_Problem details_: All lines below between the line with "Alem@is 23 Summer" and the line with "Розетка ROUND компьютерная", including both, must be copied exactly, and the pictures must be omitted.

_Record set_:
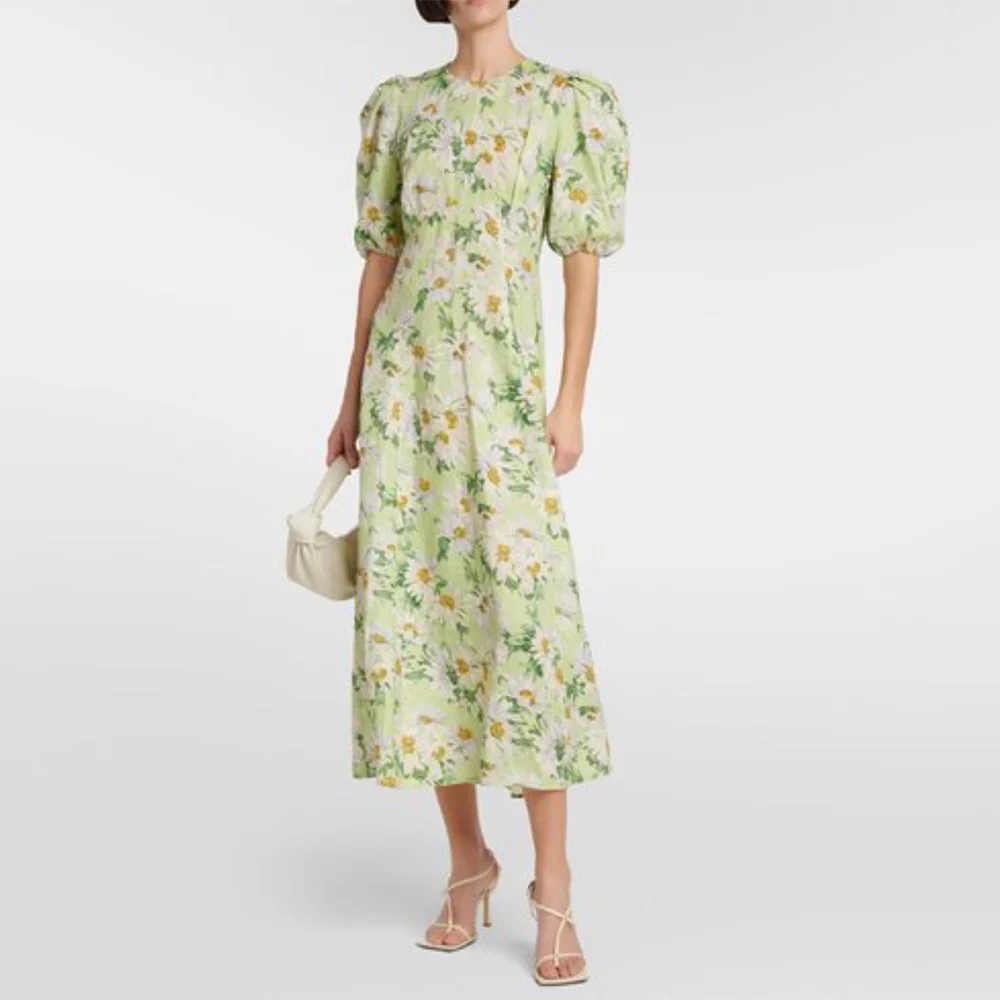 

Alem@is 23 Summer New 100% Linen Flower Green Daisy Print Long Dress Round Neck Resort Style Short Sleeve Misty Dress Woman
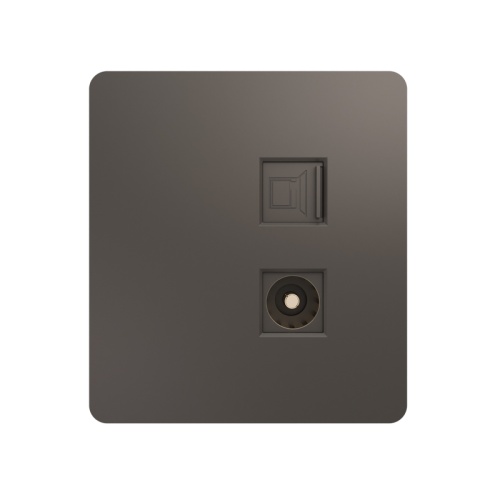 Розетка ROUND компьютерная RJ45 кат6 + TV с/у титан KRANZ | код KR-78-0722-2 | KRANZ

---

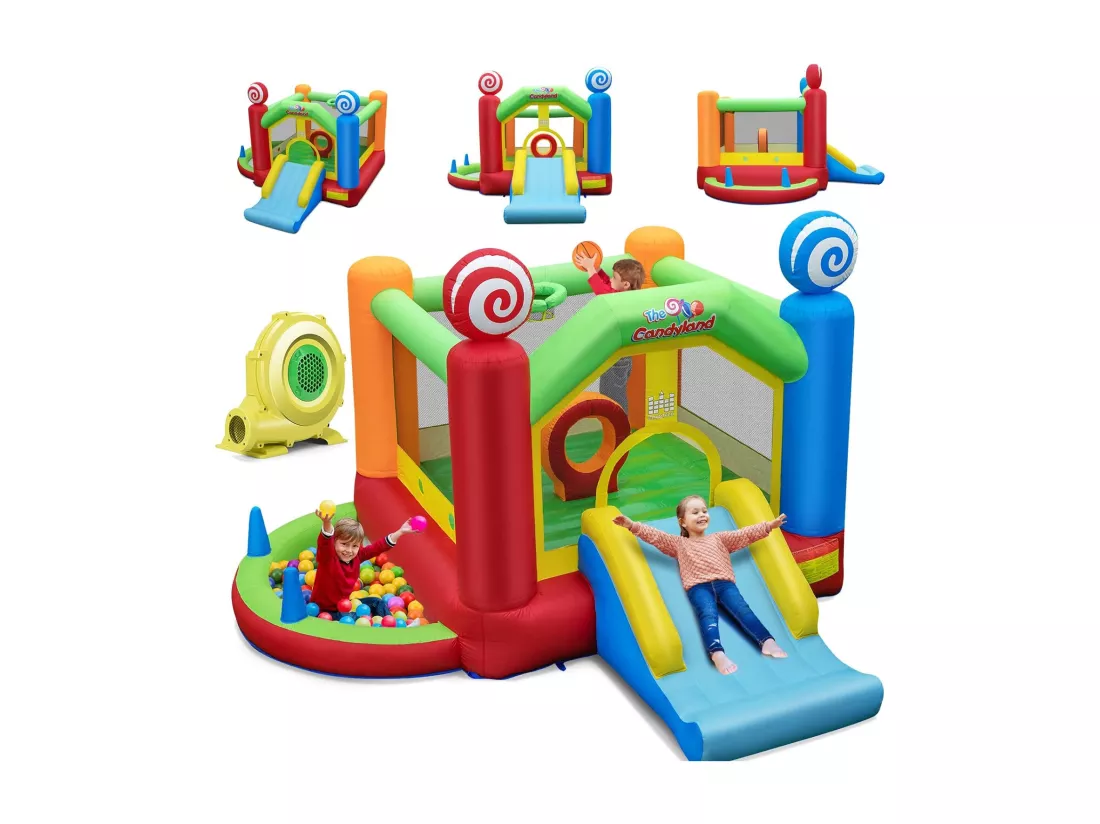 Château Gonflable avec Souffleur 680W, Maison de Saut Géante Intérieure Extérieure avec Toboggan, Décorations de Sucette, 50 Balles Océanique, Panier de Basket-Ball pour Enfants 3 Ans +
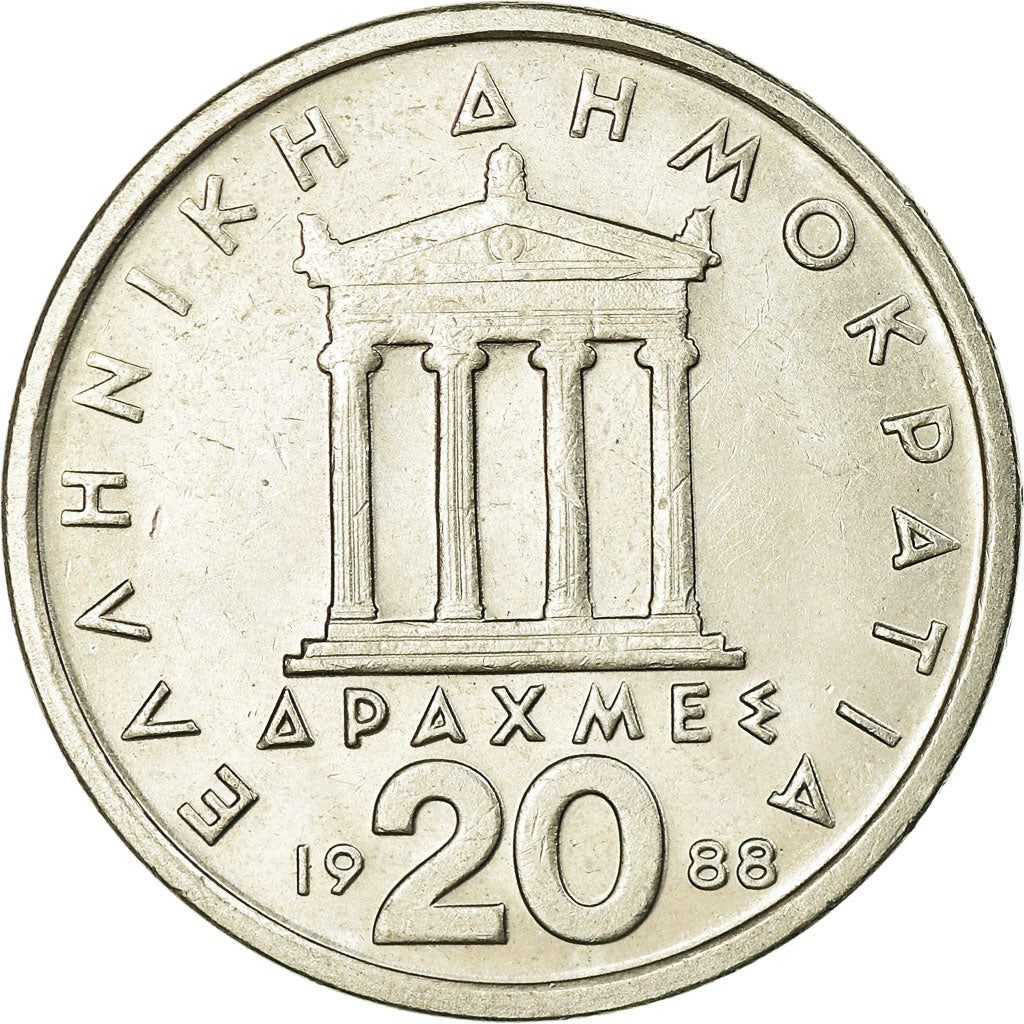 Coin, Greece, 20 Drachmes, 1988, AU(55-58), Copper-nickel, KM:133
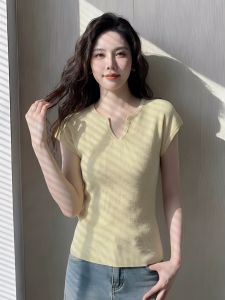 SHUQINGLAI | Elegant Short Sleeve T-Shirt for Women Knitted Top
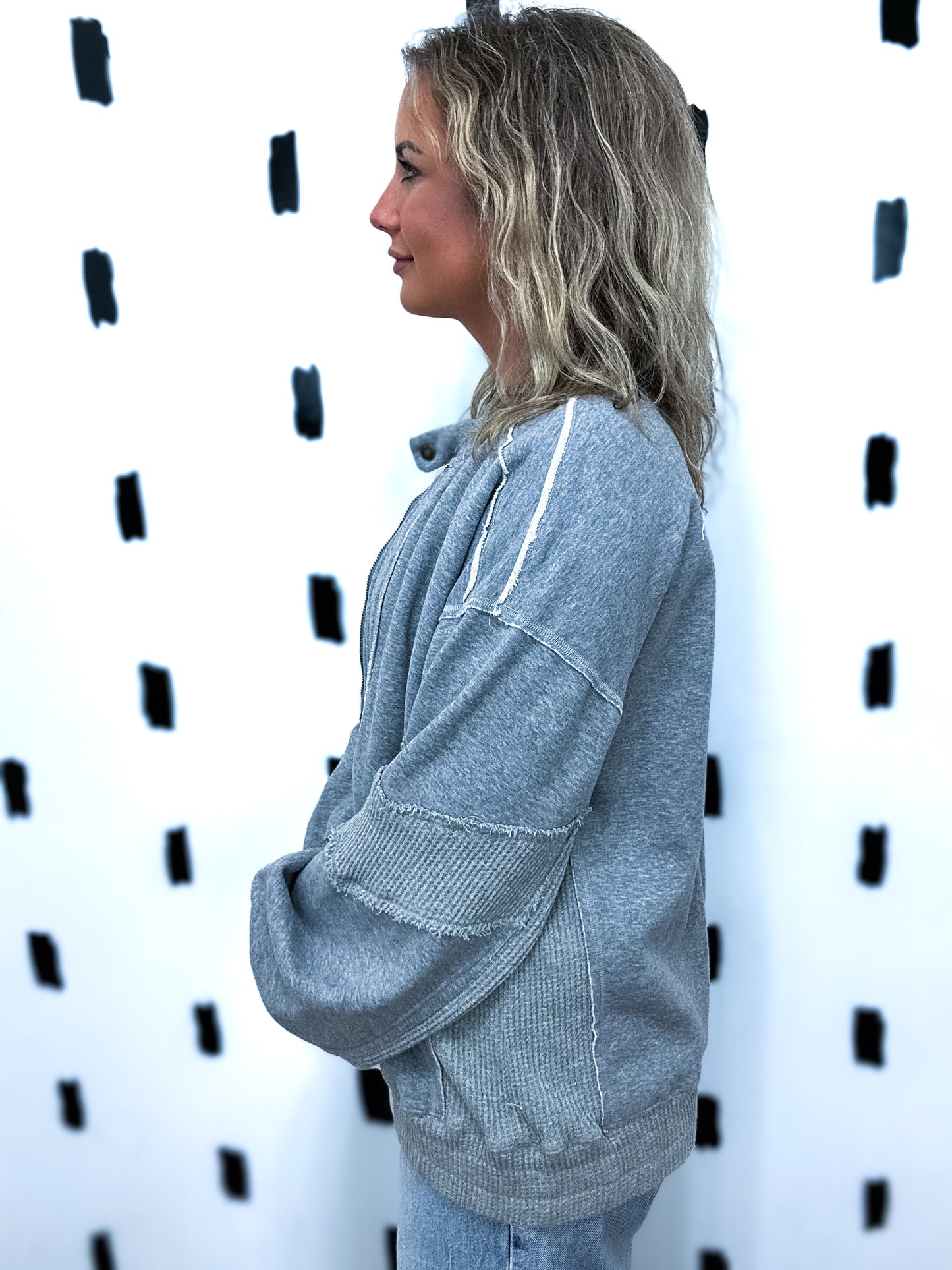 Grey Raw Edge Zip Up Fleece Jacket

_Answer to this task_:
Alem@is 23 Summer New 100% Linen Flower Green Daisy Print Long Dress Round Neck Resort Style Short Sleeve Misty Dress Woman
 Розетка ROUND компьютерная RJ45 кат6 + TV с/у титан KRANZ | код KR-78-0722-2 | KRANZ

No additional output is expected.